The advantage we have over spammers is that they are not very sophisticated and can be defeated by relatively trivial validity tests. The danger is, then, that spam infrastructures will improve and the world will become a worse place for it.

Here's my obvious thoughts.

Assumptions

I don't know much about botnets other than that they exist and send me spam. They are presumably enabled by weak/lapsed security of machines accessible either directly from the Internet (rare?) or indirectly because they are exposed by malicious software unleashed internally on a network. If I open a dodgy attachment (click on a popup etc.) then every machine my current machine can see on my internal LANs is at risk. Once one of them has been compromised then everything it can see is at risk.

You assume a compromised machine has a simple payload used to access a server to download the full payload. It's hard to imagine a small email attachment containing even a simple MTA.

At this point we have a key gain for the following discussion, a remote machine with some form of inbound access to it can act as a server.

You would also assume, that this bot-server is itself a patsy and nothing special in the larger command and control network as I find it hard to believe anyone remotely sophisticated would leave their home address embedded in a bazillion email attachments. In which case the email attachment probably contains the IP addresses of a number of remote bot-servers. Try each one until you find one that works.

Note

As an aside, this is exactly how the DNS works. Your OS distribution has a bootstrap file of the DNS glue records for the root servers. Your OS distribution could be many years old and several of the root servers could have been and gone (or even just be offline temporarily) so you try each of the default glue records in turn until you find one that answers at which point you can ask it for the up-to-date stock list of root servers.

An addendum to that thought is that, given a relatively rapid turnover of such bot-servers, the email attachments containing a list of bootstrap bot-servers must change equally rapidly over time as new bot-server IP addresses replace the old.

We should also assume that the bot is not directly connected to the Internet but is on a private LAN behind a router.

Being behind a router on a private LAN does not prevent you from upgrading yourself from a bot to a bot-server. If the router has UPnP enabled (normally for games and messaging services) then the bot can ask the router to open an inbound port to itself then publish that it is now a bot-server to the command and control network.

Bot-Servers

The problem with firewalls is that once you've opened an (inbound) hole then you've allowed anything inbound. Any kind of service whatsoever. Which is a bit remiss.

You do get content-aware (content-snooping) firewalls but those require to be configured with knowledge of the content -- which could be anything as we shall see.
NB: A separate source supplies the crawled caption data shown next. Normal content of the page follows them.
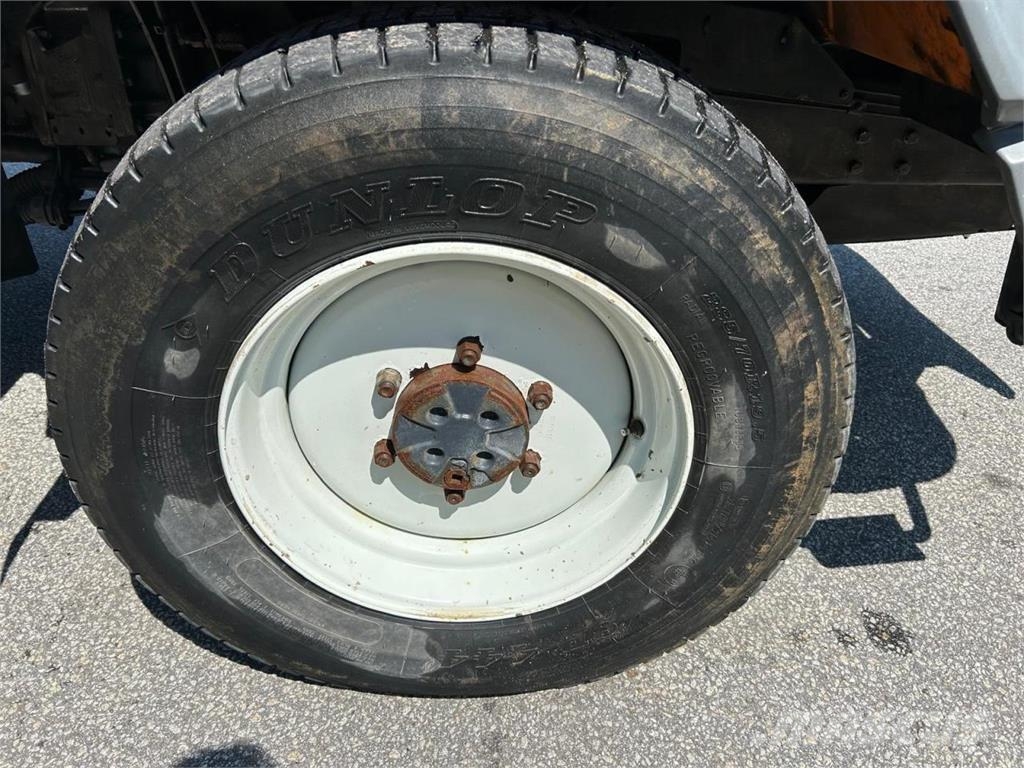 Lindner Unitrac 102 EP Kippfahrzeuge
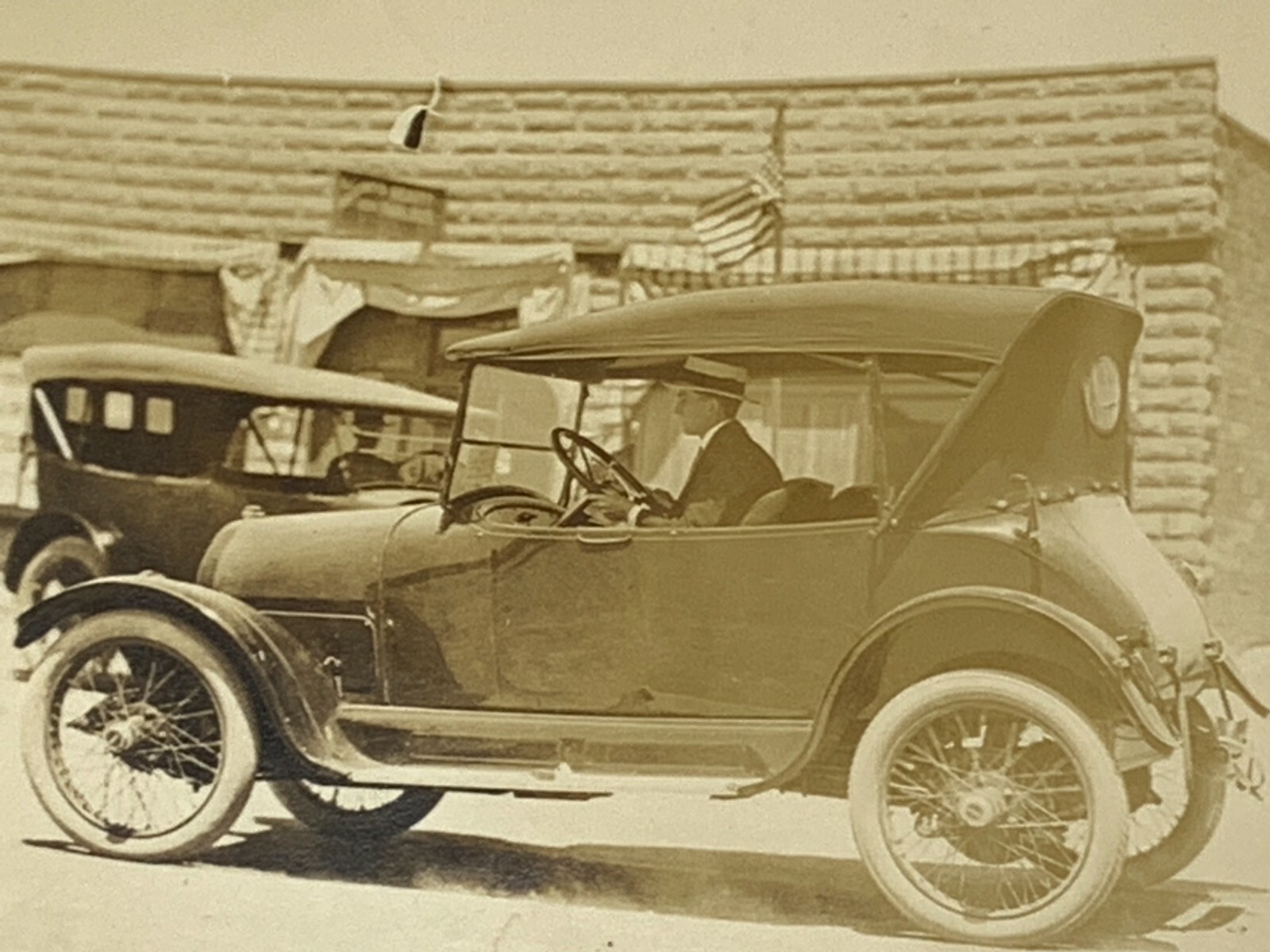 C6) Photograph 1910-1920\'s Man Straw Hat Driving Old Car Artistic Automobile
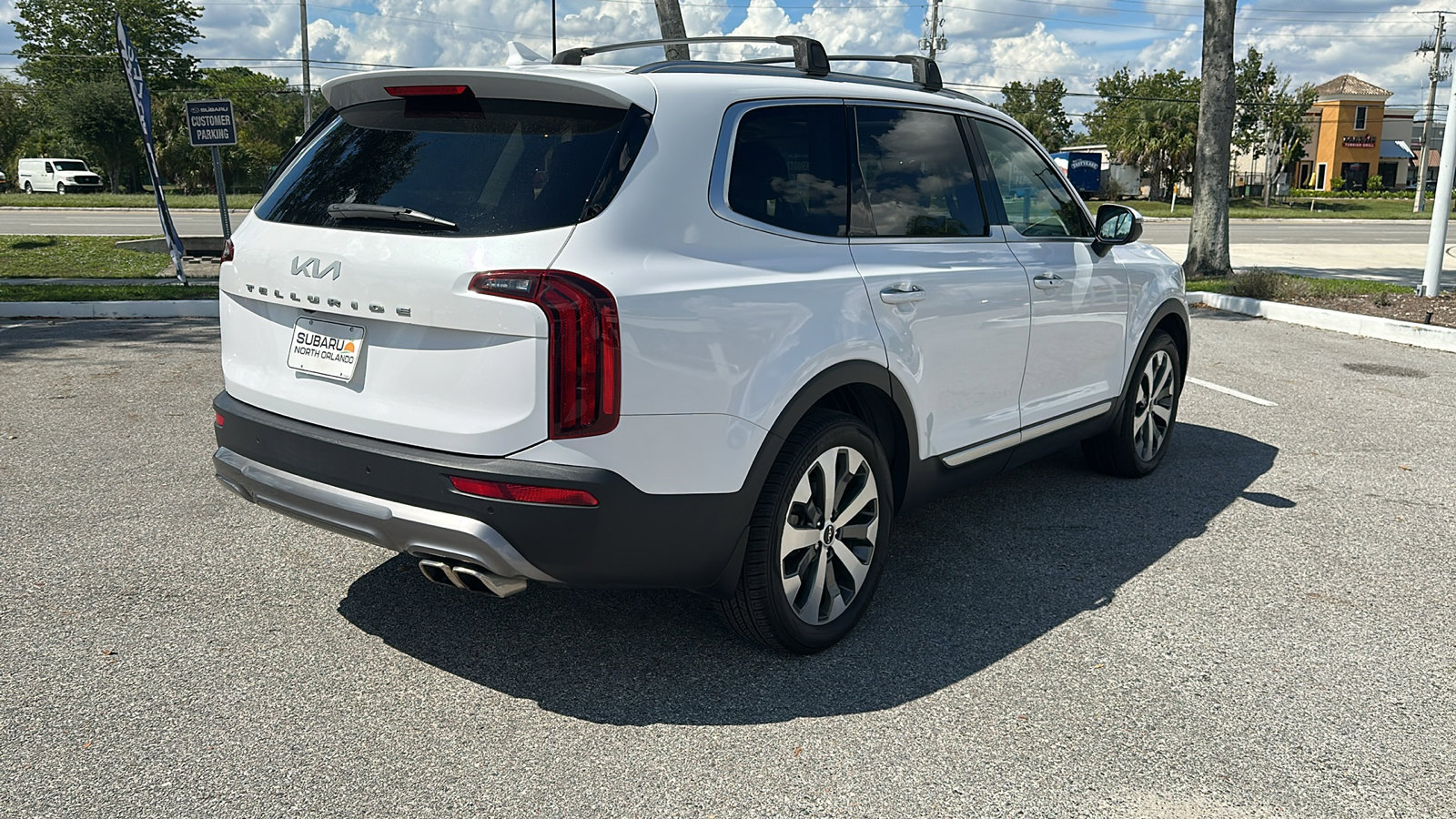 2022 Kia Telluride S photo 24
Let us suppose that our proto-bot-server has persuaded the router to open inbound access on what will be some random port number. Suppose we even have to claim that we will be operating SMTP, say. We'll use SMTP as an example of a published, well-known standard with plenty of support.

Encryption

For a start, despite the best efforts of some firewalls to silent squelch it, the "extended hello" keyword, EHLO, in SMTP can offer STARTTLS as an option after which the dialogue between client and server is encrypted by TLS and the firewall cannot perform any snooping.

Extensions

Whether encrypted or not, most protocols offer some degree of extensibility and EHLO lists what extensions the SMTP server (the recipient end) is able to perform.

As well as the usual extensions, SMTP can offer Private-Use Commands, all named X-something-or-other:

may be used by bilateral agreement between the client (sending) and server (receiving) SMTP agents

—RFC 5321, Section 4.1.5

Hmm, without taxing one's brain too much we might envisage the bot-server enabling extensions such as XMAINPAYLOAD, XMYEXTERNALIP, XDOMAIN-YOUVE-PUT-ME-IN-SPF-RECORD-FOR.

All of which are entirely above board in the SMTP spec.. In fact, XMYEXTERNALIP is already available via STUN servers (notably for SIP behind NAT routers).

I should point out that the SMTP specification is not at fault here in that it is positioned as a messaging enabler. The problem is more that once a hole in the firewall is opened is is prohibitively difficult to determine if the dialogue between two hosts is legitimate or shady.

IP Address

When a bot sends me spam PolicyD's first line of defence is CheckHelo which will verify that the HELO string is valid. CheckHelo enforces RFC2821 which says the HELO string must either be:

The literal IP address of the sender: [a.b.c.d]
The FQDN of the sender.

This requires that the bot know the IP address the world will see it as. This is surprisingly subtle. My router won't tell me [1] so I need to make a connection to someone out on the Internet and ask them what IP address I'm coming from.

That's a really trivial problem for the remote server (and an early network systems programming task, see getpeername(2)).

There are a few services that currently do that for you but they are surprisingly rare. The bot needs a bot-server to do this for it. Given that it downloaded its main payload from some bot-server, presumably it can ask the same (or an alternate) remote bot-server for its own external IP address.

Either the bot or bot-server can then do some rudimentary forward and reverse lookups on that IP address to see if the is a verifiable FQDN associated with the IP address. Curiously, this isn't done (yet). Bots will send spam with unverified FQDN -- yes, rather bizarrely, some IP addresses have a PTR record for which there is no corresponding A record. Lackadaisical DNS management!

It won't be long before that loophole is closed. Given that RFC2821 (CheckHelo's reference) allows #1 above then simply using the literal IP address is enough.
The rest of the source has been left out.